CALM can take existing coding patterns and decode them to determine the hypotheses being tested. The examples below use the built-in codes in R (treatment, SAS, sum, helmert, and poly) and extract the hypotheses implied by each code vector.
The package takes matrix input of the coding pattern (columns represent coded vectors, rows represent the groups being represented) and outputs the linear contrasts hypotheses being represented (the rows represent the weights for the contrast, the columns represent the groups being compared).

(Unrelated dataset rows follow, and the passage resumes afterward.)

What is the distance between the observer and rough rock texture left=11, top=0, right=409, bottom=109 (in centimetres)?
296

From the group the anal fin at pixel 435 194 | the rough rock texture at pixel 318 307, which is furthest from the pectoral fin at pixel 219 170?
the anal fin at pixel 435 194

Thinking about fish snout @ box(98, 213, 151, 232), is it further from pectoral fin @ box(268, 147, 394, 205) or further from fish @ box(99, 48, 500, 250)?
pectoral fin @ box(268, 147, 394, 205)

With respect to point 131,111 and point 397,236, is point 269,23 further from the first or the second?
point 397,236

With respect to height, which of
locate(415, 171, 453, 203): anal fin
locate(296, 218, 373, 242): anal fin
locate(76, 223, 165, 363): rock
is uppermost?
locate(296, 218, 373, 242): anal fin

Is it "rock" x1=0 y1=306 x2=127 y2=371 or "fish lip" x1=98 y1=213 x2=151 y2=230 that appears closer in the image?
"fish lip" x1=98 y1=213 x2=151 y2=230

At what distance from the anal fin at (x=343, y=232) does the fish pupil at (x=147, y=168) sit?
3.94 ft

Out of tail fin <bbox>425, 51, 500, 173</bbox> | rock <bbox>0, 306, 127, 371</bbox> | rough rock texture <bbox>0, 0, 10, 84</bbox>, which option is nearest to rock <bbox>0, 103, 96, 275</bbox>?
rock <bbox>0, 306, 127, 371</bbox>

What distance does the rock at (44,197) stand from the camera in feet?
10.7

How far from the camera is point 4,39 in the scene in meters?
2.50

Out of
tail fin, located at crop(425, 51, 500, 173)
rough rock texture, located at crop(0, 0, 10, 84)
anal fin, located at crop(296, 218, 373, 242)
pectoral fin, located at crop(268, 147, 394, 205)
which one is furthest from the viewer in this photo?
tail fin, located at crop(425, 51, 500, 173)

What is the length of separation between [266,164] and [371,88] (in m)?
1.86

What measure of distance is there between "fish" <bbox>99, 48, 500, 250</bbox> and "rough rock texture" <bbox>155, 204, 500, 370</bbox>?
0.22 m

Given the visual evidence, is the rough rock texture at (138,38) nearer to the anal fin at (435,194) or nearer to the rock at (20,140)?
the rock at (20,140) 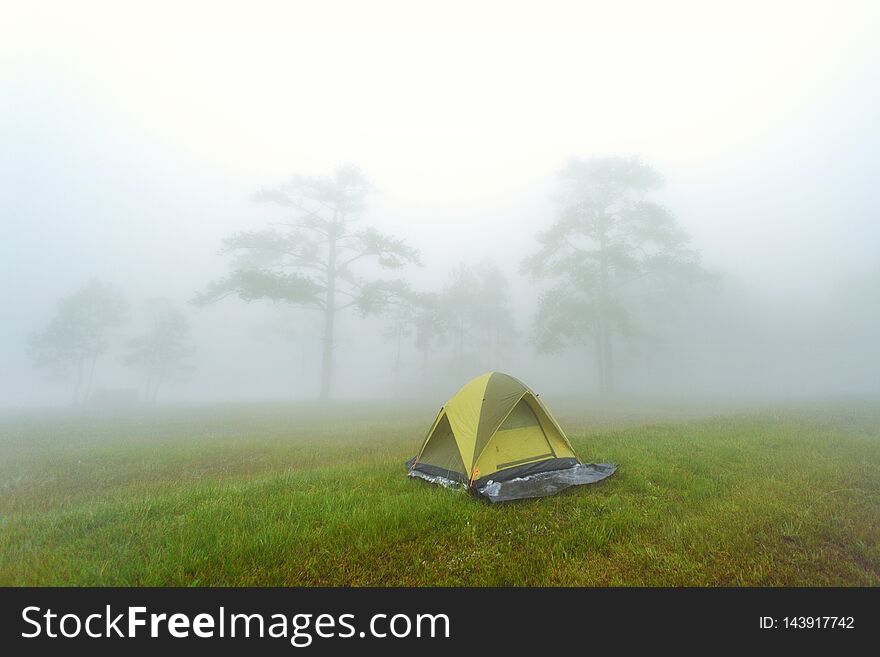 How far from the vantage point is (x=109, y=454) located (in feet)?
30.9

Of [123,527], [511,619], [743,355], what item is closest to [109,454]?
[123,527]

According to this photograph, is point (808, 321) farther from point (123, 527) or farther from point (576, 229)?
point (123, 527)

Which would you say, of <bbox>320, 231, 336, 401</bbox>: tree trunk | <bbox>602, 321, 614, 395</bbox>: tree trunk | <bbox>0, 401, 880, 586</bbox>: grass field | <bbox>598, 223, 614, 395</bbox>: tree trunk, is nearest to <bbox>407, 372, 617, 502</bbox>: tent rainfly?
<bbox>0, 401, 880, 586</bbox>: grass field

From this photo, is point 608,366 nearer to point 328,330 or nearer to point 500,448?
point 328,330

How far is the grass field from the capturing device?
130 inches

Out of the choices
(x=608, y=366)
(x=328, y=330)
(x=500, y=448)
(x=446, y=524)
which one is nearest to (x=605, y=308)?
(x=608, y=366)

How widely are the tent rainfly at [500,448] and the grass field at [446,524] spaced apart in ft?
1.50

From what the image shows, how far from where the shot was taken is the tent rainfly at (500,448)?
584cm

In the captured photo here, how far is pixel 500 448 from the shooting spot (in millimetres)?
6324

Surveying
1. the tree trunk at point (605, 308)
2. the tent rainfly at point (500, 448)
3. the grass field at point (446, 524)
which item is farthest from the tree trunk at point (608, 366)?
the tent rainfly at point (500, 448)

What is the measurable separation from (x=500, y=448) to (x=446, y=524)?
2.24 meters

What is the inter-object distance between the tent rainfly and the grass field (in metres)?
0.46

Specify that we wish to examine the existing contr.treatment
and then
use CALM to decode it into hypotheses.
ex_contr.treatment <- cbind(Int=1,contr.treatment(3))
ex_contr.treatment
## Int 2 3
## 1 1 0 0
## 2 1 1 0
## 3 1 0 1
calm.decode(ex_contr.treatment)
## 1 2 3
## Int 1 0 0
## 2 -1 1 0
## 3 -1 0 1
This shows that the intercept is equivalent to the mean of the first group. The additional parameters represent the difference between each group and the first group.
Specify that we wish to examine the existing contr.SAS
and then use
CALM to decode it into hypotheses.
ex_contr.SAS <- cbind(Int=1,contr.SAS(3))
ex_contr.SAS
## Int 1 2
## 1 1 1 0
## 2 1 0 1
## 3 1 0 0
calm.decode(ex_contr.SAS)
## 1 2 3
## Int 0 0 1
## 1 1 0 -1
## 2 0 1 -1
This shows that the intercept is equivalent to the mean of the last group. The additional parameters represent the difference between each group and the last group.
Specify that we wish to examine the existing contr.sum
and then use
CALM to decode it into hypotheses.
ex_contr.sum <- cbind(Int=1,contr.sum(3))
ex_contr.sum
## Int
## 1 1 1 0
## 2 1 0 1
## 3 1 -1 -1
calm.decode(ex_contr.sum)
## 1 2 3
## Int 0.3333 0.3333 0.3333
## 0.6667 -0.3333 -0.3333
## -0.3333 0.6667 -0.3333
This shows that the intercept is equivalent to the mean of the group means. The additional parameters represent the difference between each group and the grand mean. The last group is not compared.
Specify that we wish to examine the existing contr.herlmert
and then
use CALM to decode it into hypotheses.
ex_contr.helmert <- cbind(Int=1,contr.helmert(3))
ex_contr.helmert
## Int
## 1 1 -1 -1
## 2 1 1 -1
## 3 1 0 2
calm.decode(ex_contr.helmert)
## 1 2 3
## Int 0.3333 0.3333 0.3333
## -0.5000 0.5000 0.0000
## -0.1667 -0.1667 0.3333
This shows that the intercept is equivalent to the mean of the group means. The additional parameters represent the difference between each group and the mean of the subsequent groups.
Specify that we wish to examine the existing contr.poly
and then use
CALM to decode it into hypotheses.
ex_contr.poly <- cbind(Int=1,contr.poly(3))
ex_contr.poly
## Int .L .Q
## [1,] 1 -7.071068e-01 0.4082483
## [2,] 1 -7.850462e-17 -0.8164966
## [3,] 1 7.071068e-01 0.4082483
calm.decode(ex_contr.poly)
## GROUP 1 GROUP 2 GROUP 3
## Int 0.3333 0.3333 0.3333
## .L -0.7071 0.0000 0.7071
## .Q 0.4082 -0.8165 0.4082
THis shows that the intercept is equivalent to the mean of the group means. The additional parameters represent polynomial trends (linear, quadratic, etc.).